WORK REQUEST: Pick each line containing "Ford" out of the records.
[[ DATA FOR ANALYSIS open ]]
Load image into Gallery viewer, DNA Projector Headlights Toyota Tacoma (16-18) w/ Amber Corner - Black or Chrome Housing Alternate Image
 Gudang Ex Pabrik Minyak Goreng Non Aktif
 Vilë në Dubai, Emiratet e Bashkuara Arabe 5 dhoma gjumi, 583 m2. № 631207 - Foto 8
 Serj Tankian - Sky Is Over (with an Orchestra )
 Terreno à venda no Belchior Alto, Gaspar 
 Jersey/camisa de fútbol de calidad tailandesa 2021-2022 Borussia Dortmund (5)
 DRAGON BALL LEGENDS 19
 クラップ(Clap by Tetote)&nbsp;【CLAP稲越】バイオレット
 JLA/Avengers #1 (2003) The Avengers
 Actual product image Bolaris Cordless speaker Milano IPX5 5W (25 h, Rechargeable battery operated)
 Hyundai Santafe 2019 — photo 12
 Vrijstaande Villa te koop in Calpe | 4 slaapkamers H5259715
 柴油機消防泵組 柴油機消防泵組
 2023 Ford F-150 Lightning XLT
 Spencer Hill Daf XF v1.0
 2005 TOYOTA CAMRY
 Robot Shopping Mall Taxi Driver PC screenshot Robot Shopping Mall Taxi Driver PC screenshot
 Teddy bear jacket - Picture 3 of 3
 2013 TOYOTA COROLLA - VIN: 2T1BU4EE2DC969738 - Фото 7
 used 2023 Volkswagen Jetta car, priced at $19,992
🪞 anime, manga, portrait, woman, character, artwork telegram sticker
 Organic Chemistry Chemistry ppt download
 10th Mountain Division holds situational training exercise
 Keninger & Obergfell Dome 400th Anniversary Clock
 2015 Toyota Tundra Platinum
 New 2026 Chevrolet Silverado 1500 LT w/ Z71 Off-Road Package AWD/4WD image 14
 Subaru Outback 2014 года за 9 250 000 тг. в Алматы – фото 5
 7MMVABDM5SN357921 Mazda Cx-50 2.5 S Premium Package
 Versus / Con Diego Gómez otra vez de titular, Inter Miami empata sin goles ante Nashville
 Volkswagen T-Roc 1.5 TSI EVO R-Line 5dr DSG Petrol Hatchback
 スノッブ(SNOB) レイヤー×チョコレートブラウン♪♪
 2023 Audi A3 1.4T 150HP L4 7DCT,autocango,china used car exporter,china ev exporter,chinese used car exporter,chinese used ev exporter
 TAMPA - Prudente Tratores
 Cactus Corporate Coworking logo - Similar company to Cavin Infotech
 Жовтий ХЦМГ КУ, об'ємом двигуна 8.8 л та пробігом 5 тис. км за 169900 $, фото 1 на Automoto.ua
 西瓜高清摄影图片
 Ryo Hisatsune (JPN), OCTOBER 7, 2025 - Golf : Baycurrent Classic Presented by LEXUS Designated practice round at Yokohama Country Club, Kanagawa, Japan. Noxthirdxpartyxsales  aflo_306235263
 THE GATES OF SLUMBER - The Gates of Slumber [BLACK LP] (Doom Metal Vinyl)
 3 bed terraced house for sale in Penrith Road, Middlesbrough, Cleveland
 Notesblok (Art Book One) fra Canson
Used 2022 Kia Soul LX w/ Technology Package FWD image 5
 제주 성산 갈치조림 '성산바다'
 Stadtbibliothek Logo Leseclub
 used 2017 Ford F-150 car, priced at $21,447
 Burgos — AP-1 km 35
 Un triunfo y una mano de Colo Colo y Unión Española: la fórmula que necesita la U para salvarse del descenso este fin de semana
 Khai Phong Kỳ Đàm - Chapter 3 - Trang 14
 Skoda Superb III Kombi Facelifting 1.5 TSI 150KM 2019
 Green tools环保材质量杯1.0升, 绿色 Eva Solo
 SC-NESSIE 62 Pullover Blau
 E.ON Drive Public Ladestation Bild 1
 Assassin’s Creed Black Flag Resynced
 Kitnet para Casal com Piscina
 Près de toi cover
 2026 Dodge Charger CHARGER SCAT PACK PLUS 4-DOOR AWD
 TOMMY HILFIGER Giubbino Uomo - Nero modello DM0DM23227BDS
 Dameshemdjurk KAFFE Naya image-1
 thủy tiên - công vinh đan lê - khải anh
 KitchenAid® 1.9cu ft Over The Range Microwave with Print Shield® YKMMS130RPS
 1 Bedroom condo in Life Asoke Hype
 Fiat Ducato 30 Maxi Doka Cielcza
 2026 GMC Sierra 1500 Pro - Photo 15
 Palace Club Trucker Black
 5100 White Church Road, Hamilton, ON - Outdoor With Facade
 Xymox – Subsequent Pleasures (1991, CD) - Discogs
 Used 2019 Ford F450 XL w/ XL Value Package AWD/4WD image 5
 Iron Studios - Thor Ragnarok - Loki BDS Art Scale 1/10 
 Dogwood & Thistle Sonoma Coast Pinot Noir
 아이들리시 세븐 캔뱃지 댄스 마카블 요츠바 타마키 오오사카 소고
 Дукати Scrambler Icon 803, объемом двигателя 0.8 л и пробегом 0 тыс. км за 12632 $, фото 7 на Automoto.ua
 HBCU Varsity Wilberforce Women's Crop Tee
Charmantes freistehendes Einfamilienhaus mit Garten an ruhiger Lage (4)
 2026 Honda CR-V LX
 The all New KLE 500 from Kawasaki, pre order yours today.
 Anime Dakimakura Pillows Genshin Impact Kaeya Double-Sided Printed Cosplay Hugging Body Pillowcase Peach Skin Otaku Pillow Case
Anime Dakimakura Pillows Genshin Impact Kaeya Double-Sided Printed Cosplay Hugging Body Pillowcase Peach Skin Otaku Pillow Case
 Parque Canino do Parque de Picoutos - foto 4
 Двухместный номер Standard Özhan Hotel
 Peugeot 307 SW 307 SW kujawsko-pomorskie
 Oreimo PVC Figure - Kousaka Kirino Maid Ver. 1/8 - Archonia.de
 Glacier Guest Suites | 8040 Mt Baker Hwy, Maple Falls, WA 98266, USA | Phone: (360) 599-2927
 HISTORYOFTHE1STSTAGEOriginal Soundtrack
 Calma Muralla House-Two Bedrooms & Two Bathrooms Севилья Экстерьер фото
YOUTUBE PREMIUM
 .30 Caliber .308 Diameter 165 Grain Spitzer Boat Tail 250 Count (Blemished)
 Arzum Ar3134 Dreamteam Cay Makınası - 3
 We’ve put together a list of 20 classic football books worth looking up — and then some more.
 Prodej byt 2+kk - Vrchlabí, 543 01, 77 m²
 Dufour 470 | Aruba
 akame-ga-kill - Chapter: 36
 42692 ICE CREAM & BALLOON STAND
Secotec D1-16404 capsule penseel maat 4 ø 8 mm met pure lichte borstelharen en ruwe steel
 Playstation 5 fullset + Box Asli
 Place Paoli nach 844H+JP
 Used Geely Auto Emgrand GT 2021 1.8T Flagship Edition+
[[ DATA FOR ANALYSIS closed ]]
EXERCISE RESULT:
 2023 Ford F-150 Lightning XLT
 used 2017 Ford F-150 car, priced at $21,447
 Used 2019 Ford F450 XL w/ XL Value Package AWD/4WD image 5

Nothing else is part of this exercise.